TASK ITEM -> Output every line below exactly, please, omitting pictures.
··· INFORMATION SUPPLIED ···
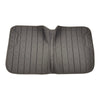 Lemieux '3D Mesh' Square Dressage Saddle Pad in Black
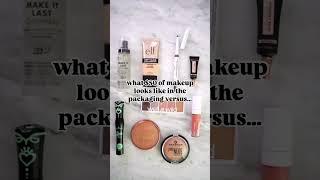 Full Face of Makeup for $50  #drugstoremakeup #affordablebeauty #affordablemakeup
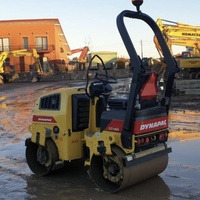 Petit compacteur Dynapac CC211, Cc1000 Mini rouleau de route à vendre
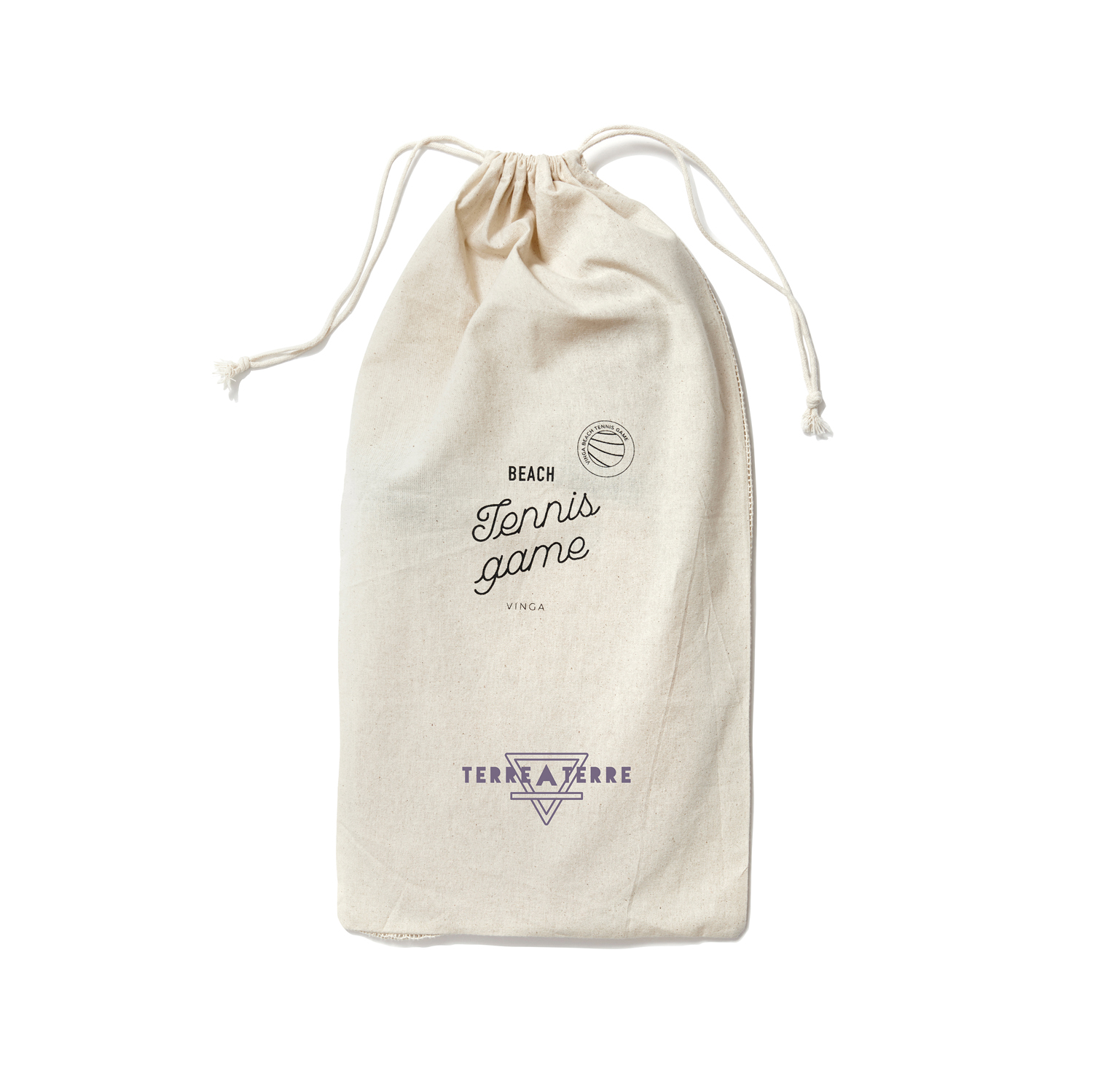 Набор для пляжного тенниса Vinga Colos (Изображение 3)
···
OUTPUT BELOW ->
 Lemieux '3D Mesh' Square Dressage Saddle Pad in Black
 Full Face of Makeup for $50  #drugstoremakeup #affordablebeauty #affordablemakeup
 Petit compacteur Dynapac CC211, Cc1000 Mini rouleau de route à vendre
 Набор для пляжного тенниса Vinga Colos (Изображение 3)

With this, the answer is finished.